**TO DO**
Print every record exactly, omitting all pictures.

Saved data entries
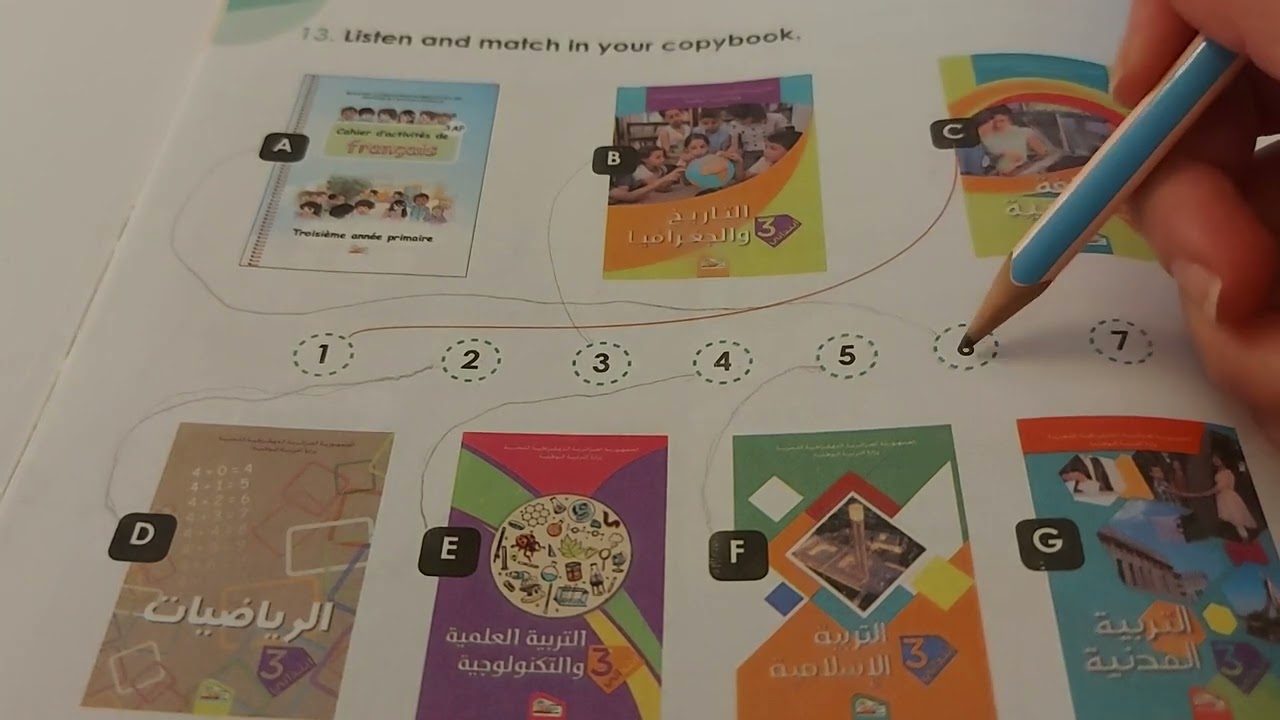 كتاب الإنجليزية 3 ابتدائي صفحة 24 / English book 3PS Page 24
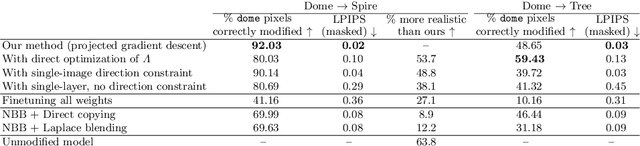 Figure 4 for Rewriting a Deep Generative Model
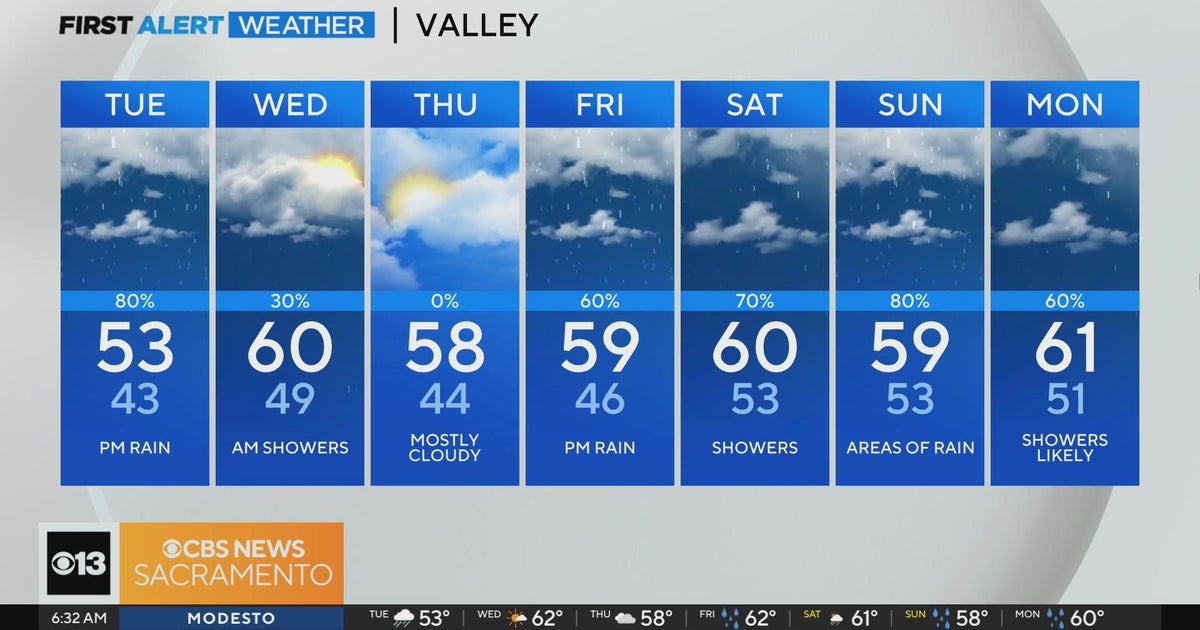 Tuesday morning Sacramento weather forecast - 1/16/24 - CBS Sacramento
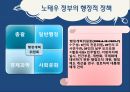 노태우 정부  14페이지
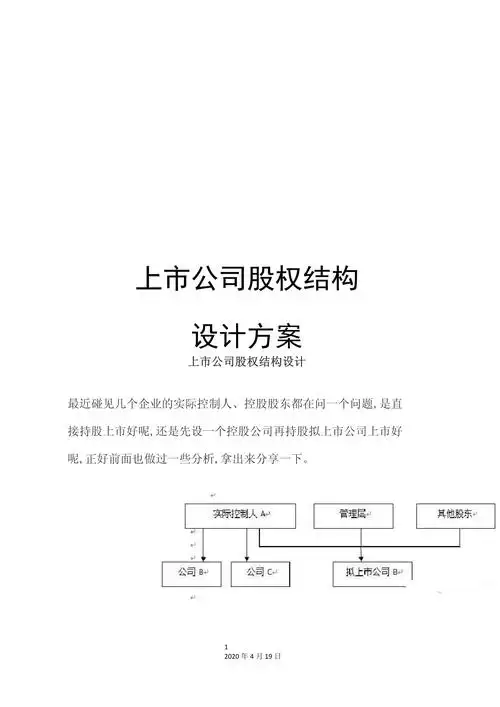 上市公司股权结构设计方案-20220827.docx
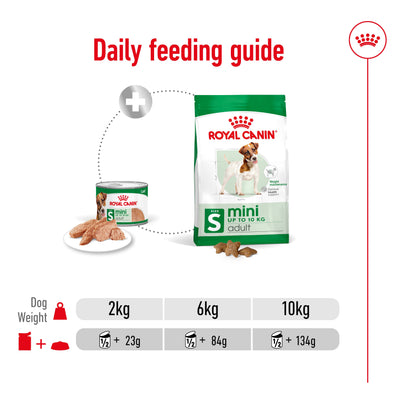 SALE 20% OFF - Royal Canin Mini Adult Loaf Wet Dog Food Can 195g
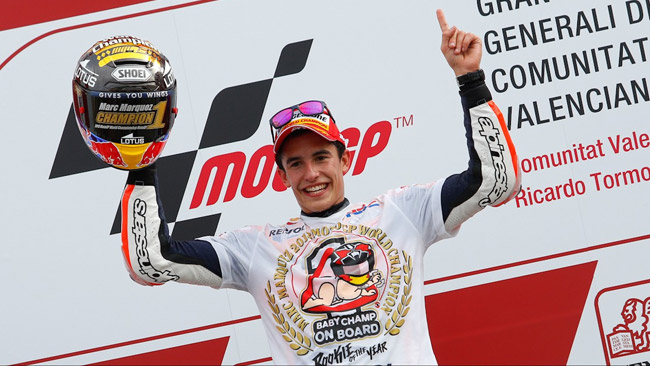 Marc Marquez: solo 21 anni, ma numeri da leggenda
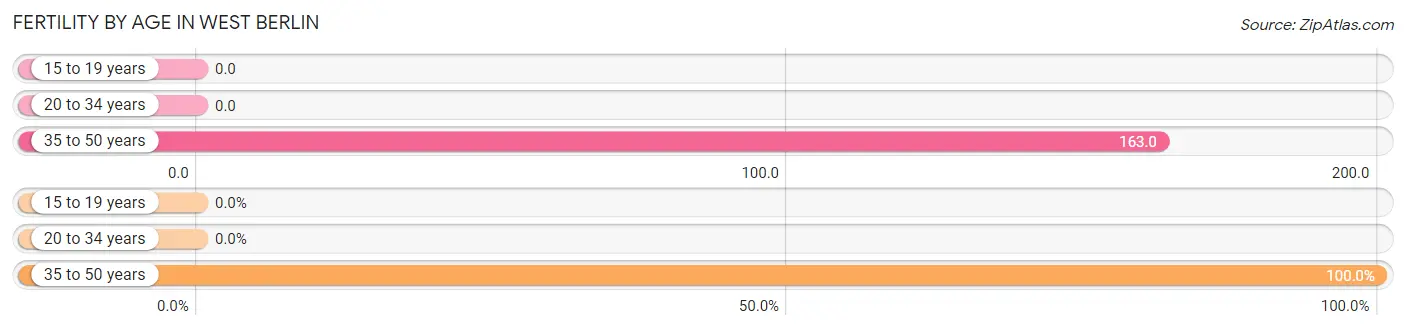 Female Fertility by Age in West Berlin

**EXERCISE RESPONSE**
 كتاب الإنجليزية 3 ابتدائي صفحة 24 / English book 3PS Page 24
 Figure 4 for Rewriting a Deep Generative Model
 Tuesday morning Sacramento weather forecast - 1/16/24 - CBS Sacramento
 노태우 정부  14페이지
 上市公司股权结构设计方案-20220827.docx
 SALE 20% OFF - Royal Canin Mini Adult Loaf Wet Dog Food Can 195g
 Marc Marquez: solo 21 anni, ma numeri da leggenda
 Female Fertility by Age in West Berlin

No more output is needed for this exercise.